1lb whole grain or whole wheat fuscilli pasta (I prefer Barilla Plus, the yellow box)
1lb small red potatoes
12oz fresh green beans (If you can find haricot vert, even better)1 pint cherry tomatoes cut in half
1 14.5oz can of quartered artichoke hearts, drained
2 cans of olive oil packed tuna (This is the star of the dish. Look in the imported Italian goods aisle of your mega mart. I like Cento or Genova.)
12oz jar of kalamata olives drained and cut in half
3c fresh spinach chopped
1. Cook pasta according to the directions on the box, drain, and place back in the pot that you cooked it in.

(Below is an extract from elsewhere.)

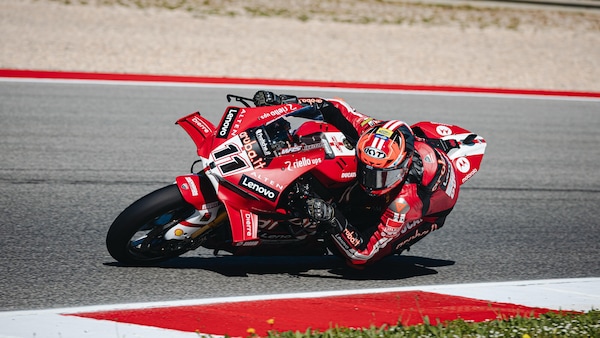 SBK Portimao, Bulega: “Tuffo nella piscina alla Toprak? Solo se faccio tripletta”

2. While the pasta is cooking, place potatoes into a microwave proof bowl and cover with plastic wrap. Microwave on high for approximately 8-12 minutes or until fork tender. (Do not over cook the potatoes) When potatoes are fork tender, cut in half. Be careful! These little boogers are very hot when they get nuked.
3. Place beans in a microwave proof bowl and cover with plastic wrap. Nuke for 1 1/2 minutes. It's better if they are a little undercooked than over cooked.

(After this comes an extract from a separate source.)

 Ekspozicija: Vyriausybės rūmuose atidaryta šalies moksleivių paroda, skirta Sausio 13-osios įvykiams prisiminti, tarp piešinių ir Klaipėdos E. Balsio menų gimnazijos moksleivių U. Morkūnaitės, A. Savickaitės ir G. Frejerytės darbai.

4. Mix everything together in the pot that you cooked the pasta in and toss with the lemon vinaigrette (recipe is below).

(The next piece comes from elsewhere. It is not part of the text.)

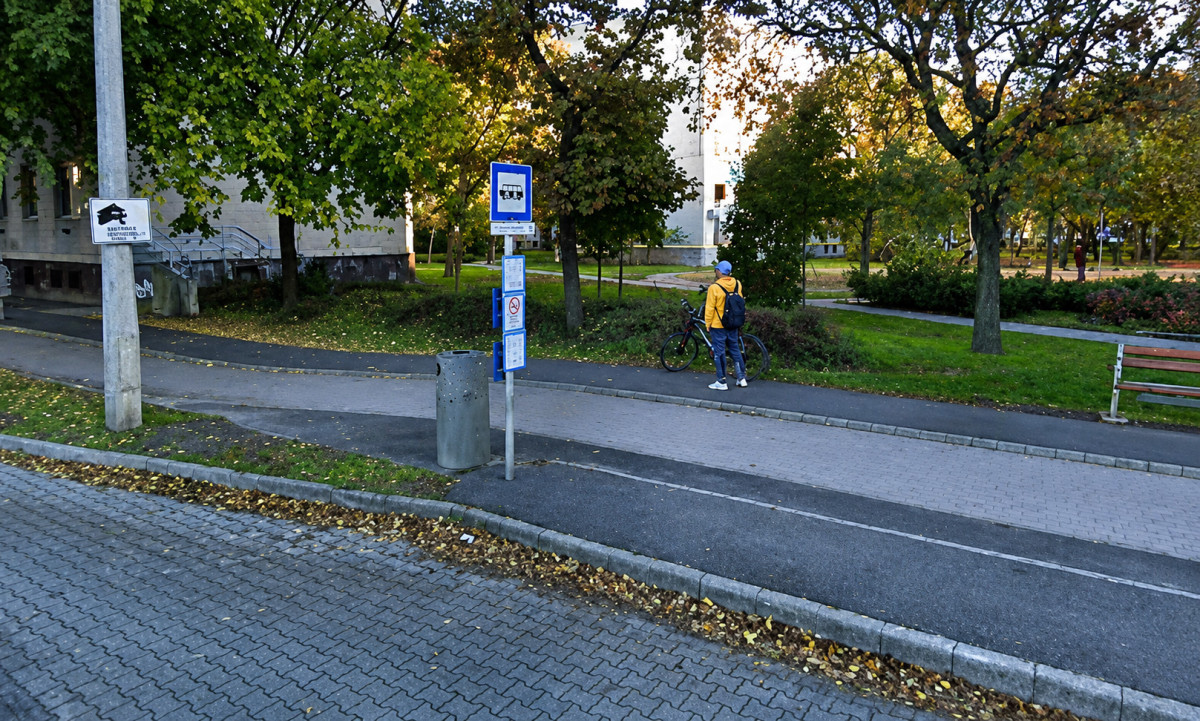 Malompark (Bem tér felé) megállóhely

The juice and zest of one lemon. (buy a microplane, they are cheap and great multi-taskers)
1/2c good olive oil
2T Champagne vinegar
2t apriva (Splenda is the brand name. Add more if you like it a little sweeter.)
1. Whisk lemon juice, zest and vinegar together in a small bowl.
2. Slowly add the olive oil. Season with salt and pepper.
If you want to jazz up the vinaigrette or use it as a marinade for beef or chicken, add 1T of your favorite fresh herb or store bought pesto. I love fresh thyme!